白リン弾は国際条約(文末に掲載)によって禁止されていません。しかし、人口密集地への焼夷兵器の使用は、いかなる場合にも禁止されています。すでに説明したように、白リン式の発煙弾は実態としては焼夷弾です。それを人口密集地に対して用いたのは、国際法違反とは言えませんが、実質的には法の精神を侵害しています。人権団体などが白リン弾の使用が国際法違反だと主張するのは、この実質的な部分についてです。私はこれは当然の問題提起だと考えます。すでに複数の戦いで使用され、民間人多数が死傷していることを考えれば、クラスター爆弾と同様に国際的なルールが整備されて当然なのです。そうした動きをリードする人権団体が問題提起をするのは当然です。すでに指摘したように、発煙弾には大小様々な種類があるのに、条文上は「発煙弾」で一括りにされています。大口径の砲から発射される発煙弾は実質的には焼夷弾と同じ力を持っています。イスラエルもそれを承知で白リン弾を使っているのです。また、ジュネーブ条約でも、住民の保護に関する規定は過去よりも厳しくなってきています。イスラエルはそうした規定を定めるジュネーブ条約の追加議定書は批准しておらず、これを守る義務はありません。それでも、国際社会がイスラエルに追加議定書の内容も尊重するように求める動きが起こるのは当然です。イスラエルのガザ侵攻では、こうした国際人道法の進歩がほとんど反映されていません。住民に対する事前通告が行われ、イスラエル軍に支援団体の窓口(The Humanitarian Affairs Coordination Center)を設け、責任者に予備役の准将を据えました。しかし、国際社会はこの程度の活動では納得しないところまで来ているのです。たとえ自衛戦争であっても、何でも許されるわけではなく、人道を尊重すべきというコンセプトはすでに国際社会に定着しているのです。「白リン弾は国際法違反」という主張は事実ではありませんが、明らかに、今後、規制が研究されるべき兵器であり、筋違いではないのです。
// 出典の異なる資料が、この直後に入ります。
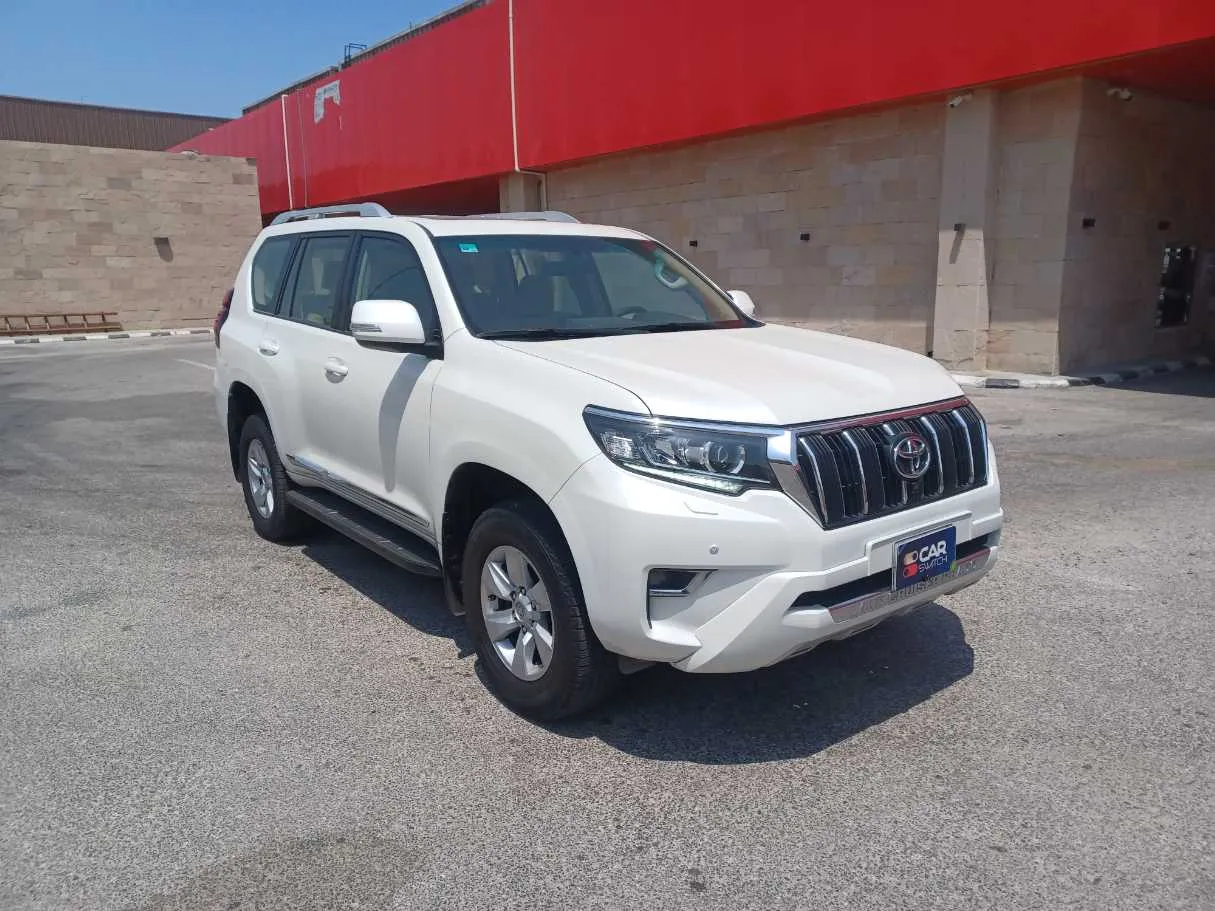 Car image 3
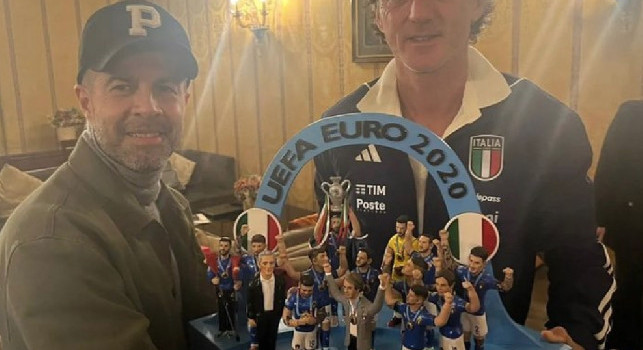 Ferrigno consegna a Mancini le statuette in ricordo della vittoria degli azzurri ad Euro2020: spunta un regalo emozionante | FOTO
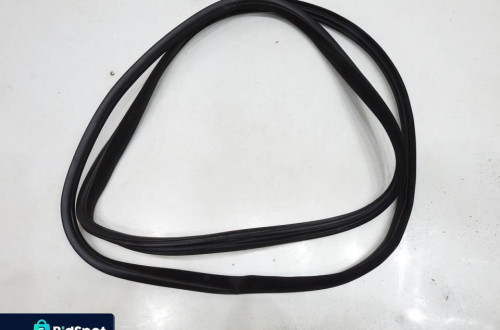 USZCZELKA DRZWI LEWY PRZÓD VOLVO XC90 I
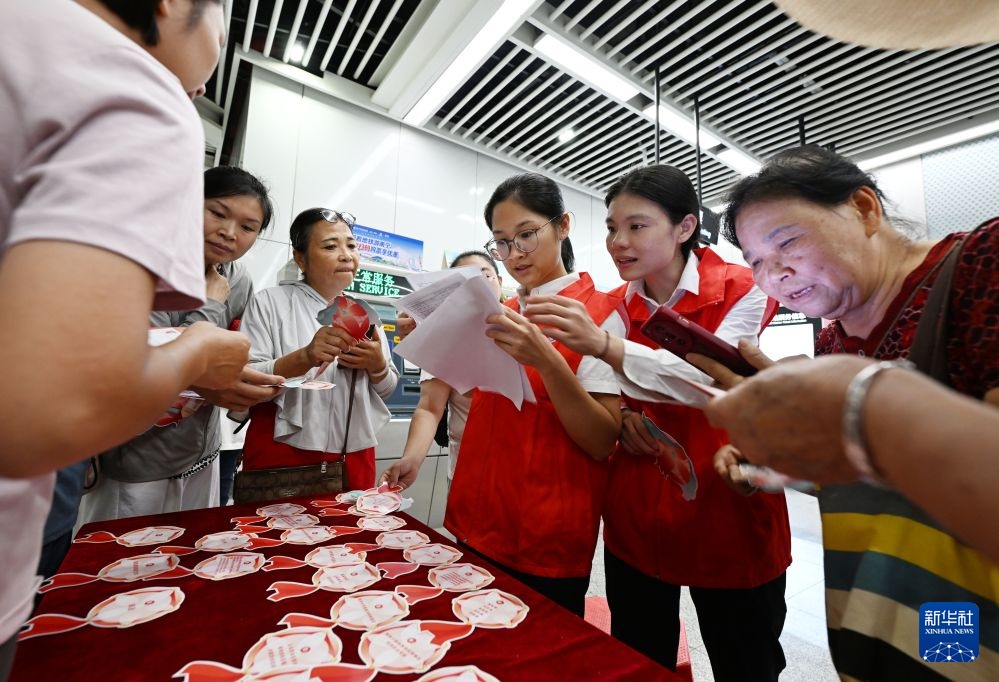 南宁举行民族团结进步宣传周地铁快闪主题活动 南宁举行民族团结进步宣传周地铁快闪主题活动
焼夷兵器の代表格であるナパーム弾にはゲル化剤が含まれていて粘着性があります。白リン弾には粘着性はありませんが、ゴムを混ぜることで簡単に粘着機能を追加することができます。白リンの燃焼でゴムが溶解し、人体に付着すると一層取りにくい武器になるのです。このように、武器に関しては定義上の抜け穴が色々とあるのです。もっとも、ゴムを混ぜたことがばれれば、発煙弾だという主張は通らなくなるでしょう。
国際法が強力で無差別的な兵器を僅かしか制限していない問題は、以前から国際法の分野で問題視されてきました。焼夷兵器を含むいくつかの近代的兵器は、何十年も前から「人道法により禁止されたカテゴリーに入る可能性がある」と指摘され、「疑わしい兵器」という名前で呼ばれてきました。国際条約は兵器の進歩に追いついておらず、今なお改善が求められています。こうした国際法の歴史を考えれば、条約で禁止されていないから問題ないと言えないことは明白であり、問題提起のために白リン弾の使用が批判されるのは当然です。すでに複数の戦争での実例で、禁止すべき理由となる前例が確立されたと言えるのです。globalsecurity.orgが、合法である白リン弾の問題点をあえて取り上げたのには、こうした背景があるのです。
焼夷兵器の使用の禁止又は制限に関する議定書(議定書III)
第一条 定義
この議定書の適用上、
1 「焼夷兵器」とは、目標に投射された物質の化学反応によって生ずる火炎、熱又はこれらの複合作用により、物に火炎を生じさせ又は人に火傷を負わせることを第一義的な目的として設計された武器又は弾薬類をいう。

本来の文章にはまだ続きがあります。